* [Required work] For the listing below, output exactly the lines from the line with "Econoco FLT68CGLSNS 68" up to and including the line with "Fabletics PureLuxe High", and no other lines.

Records shown START

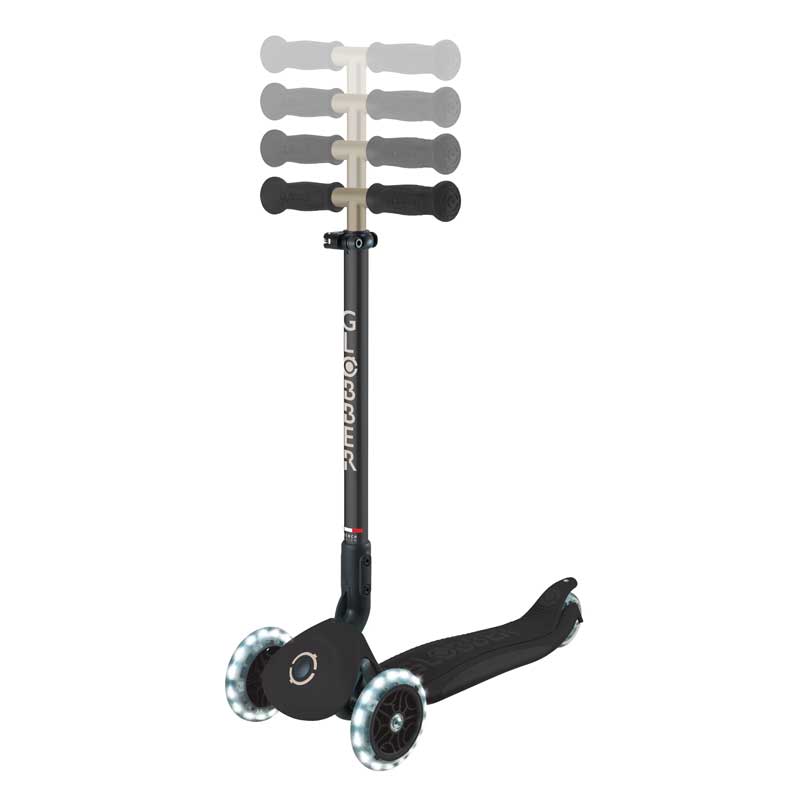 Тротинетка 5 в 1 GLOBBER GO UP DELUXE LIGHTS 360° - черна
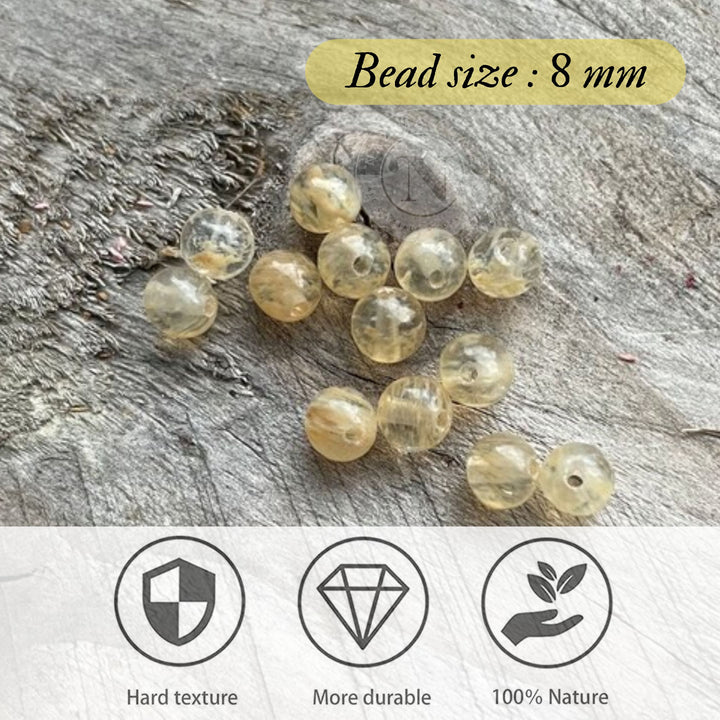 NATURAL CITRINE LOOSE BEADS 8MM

Records shown END
Records shown START

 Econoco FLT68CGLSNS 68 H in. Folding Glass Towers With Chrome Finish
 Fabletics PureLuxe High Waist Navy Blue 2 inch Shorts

Records shown END

* [Response]
 Econoco FLT68CGLSNS 68 H in. Folding Glass Towers With Chrome Finish
 Fabletics PureLuxe High Waist Navy Blue 2 inch Shorts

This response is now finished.